Just a few miles from the Wyoming border, amidst acres and acres of wide open Colorado landscape, lays a community of Benedictine nuns living at an Abbey and retreat center. Upon turning down the dirt driveway just off the main road there is an immediate sense of silence and serenity. I looked in awe as the valley unfolded in front of the car. The undulating colors of the landscape reminded us that spring was here. We drove the winding hard packed road to the Abbey building and chapel. Each turn along the way revealed dramatic rock formations and here and there we heard the bellowing of wandering cattle.
The wind stirred lightly on a decidedly cool day and I noticed a large ivory colored llama silhouetted against the grey skies. It sat on top of the hillside next to the chapel and seemed to smile softly into the breeze. The llama’s long neck turned and his regal gaze panned across the surroundings. With cattle and donkey grazing on the hillside below him, he seemed a placid sentry on a grey spring day.
We looked up to see a red-tailed hawk appearing suspended in mid-air over the ridgeback, like an image forever frozen in space. It wasn’t long before we saw a second hawk that was a little larger and darker than the other make powerful strides to join the first hawk. We had no doubt we were seeing a mated pair when the two began flying together. They intertwined in what seemed a lovers caressing dance before heading off to look for food.

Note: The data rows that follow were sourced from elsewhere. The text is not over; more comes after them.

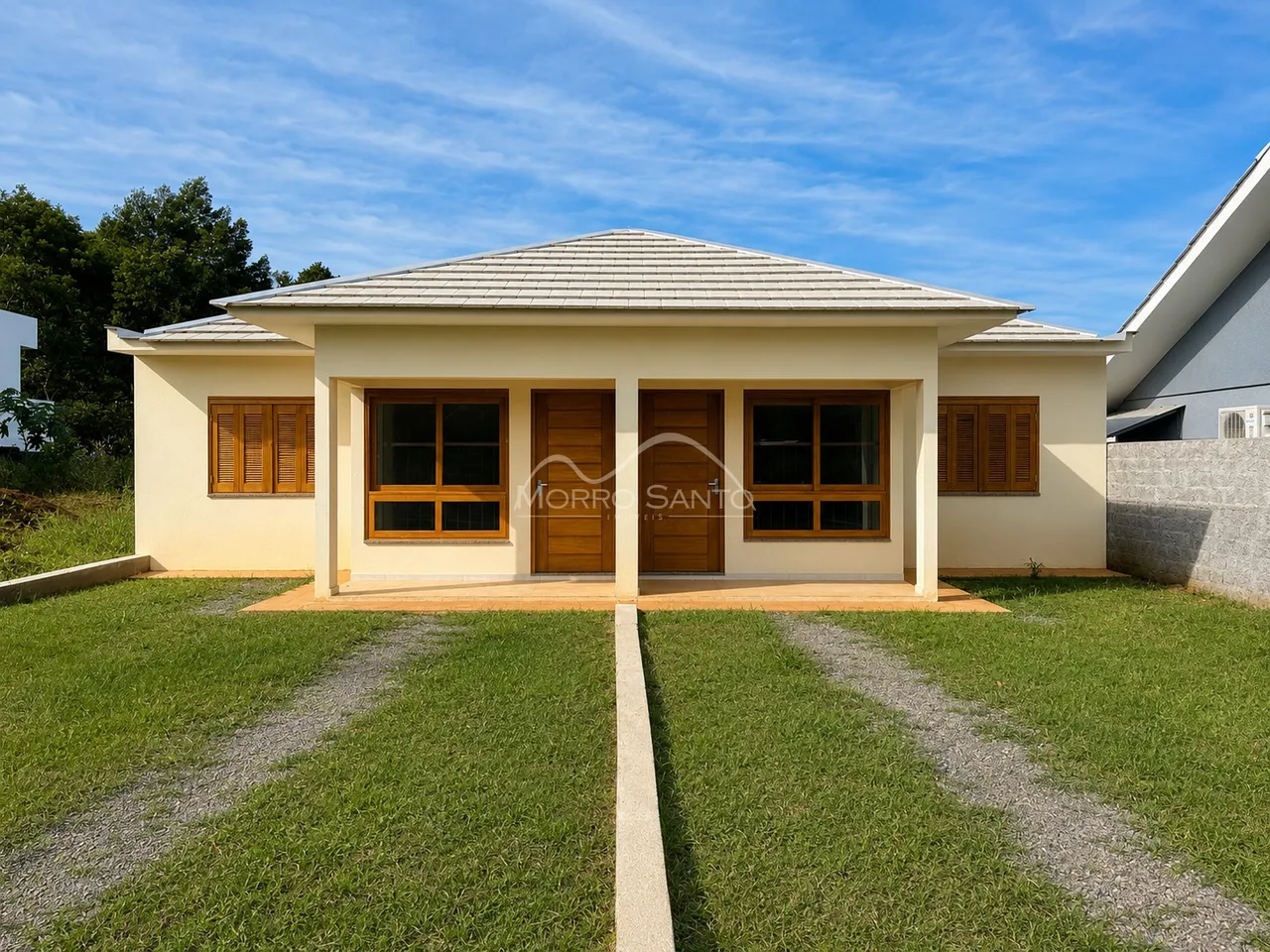 Casa geminada com 2 dormitórios, foto 1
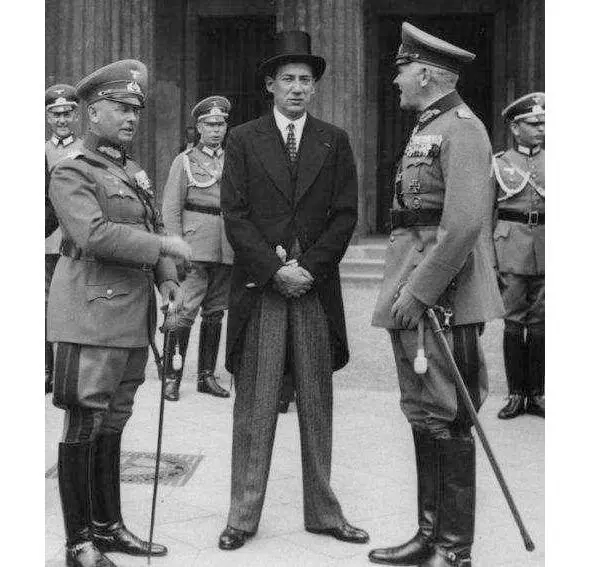 На снимке польский министр иностранных дел Беки немецкие генералы 1938 год - фото 29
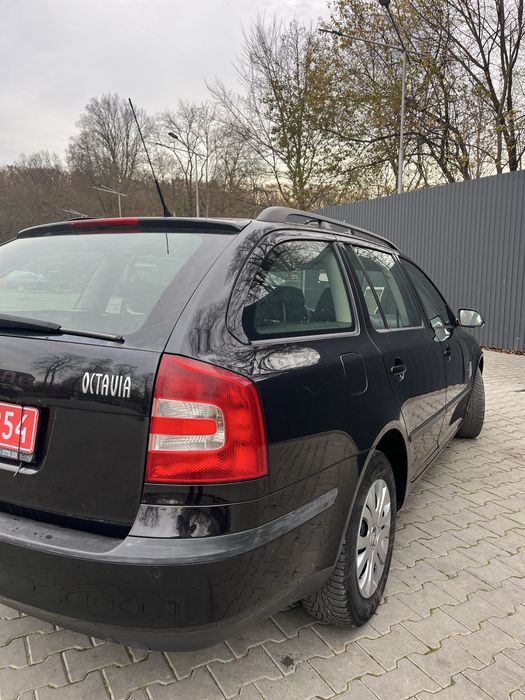Продам Шкоду Октавію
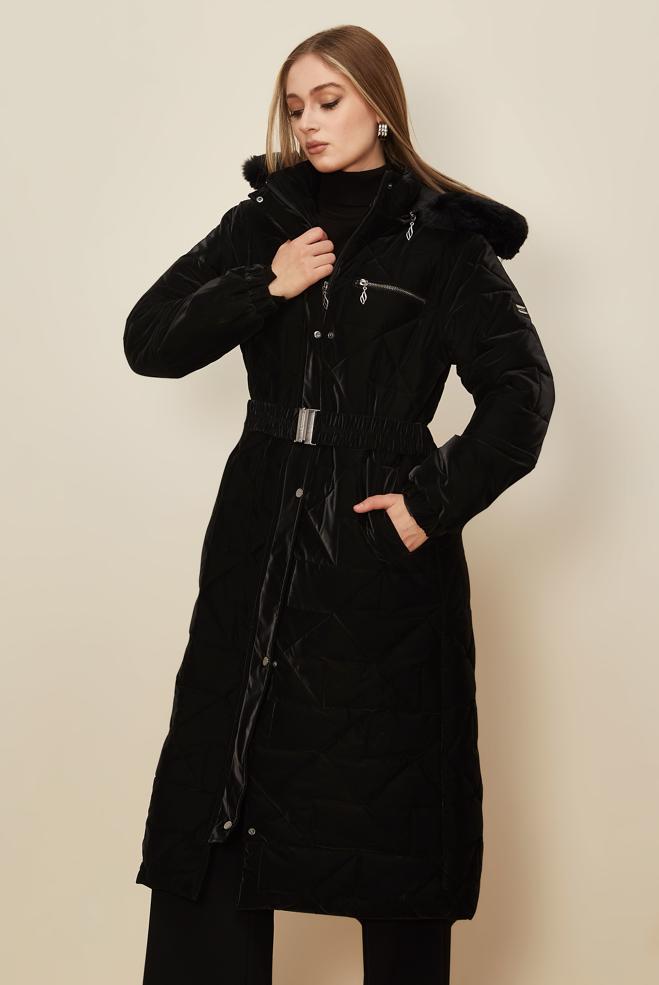 Tesettür giyim SİYAH KEMERLİ KAPİTONE KABAN 90584 - ALVİNA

The day was perfect for reflection and we were happy to be there. The Benedictine sisters were warming and offered a ready smile as we came into the main building. They welcomed us and invited us to sit in the chapel, join them in prayers, walk on the land, and even stay overnight for a private or group retreat.
The sisters seemed to always appear when needed or when questions arose. Otherwise their presence was unobtrusive, as they glided along stone tiled hallways barely making a sound, their long skirts muffling the padded steps.
We joined them for their lunchtime prayers. Several other visitors had come to participate in the midday service and we all joined in song. We heard the crystal clear soprano voices of the sisters blend with the deep timbre of male voices singing ancient psalms. It was a beautiful service. Time felt suspended.
We spent the rest of the day walking on the grounds. Each of us enjoying the time alone with our thoughts among ridged hillsides stirring with a now insistent wind. The animals along our path took little notice of our passing. We walked up the hill marked with the Stations of the Cross, taking our time with prayer. On reaching the top, we noticed the gathering dark clouds threatening lightning overhead. In such a setting, it was easy to imagine Calvary.
I am used to inner reflection, but the atmosphere of the abbey let me soak up the prayers that floated day and night throughout that land, washing over me and giving me a sense of calming rest. They helped me understand and confirm the life path I saw ahead of me. With only the wind and the shushing of the trees surrounding me on the hilltop, I listened to the knowing from my body and my spirit. It all felt right.
Taking a deep breath as I caressed a sprinkling of wild buttercups low on the path, I gave my thanks and rejoined my satisfied friends for our long drive home. It was a beautiful day and I was happy and grateful that I had taken this time out for myself.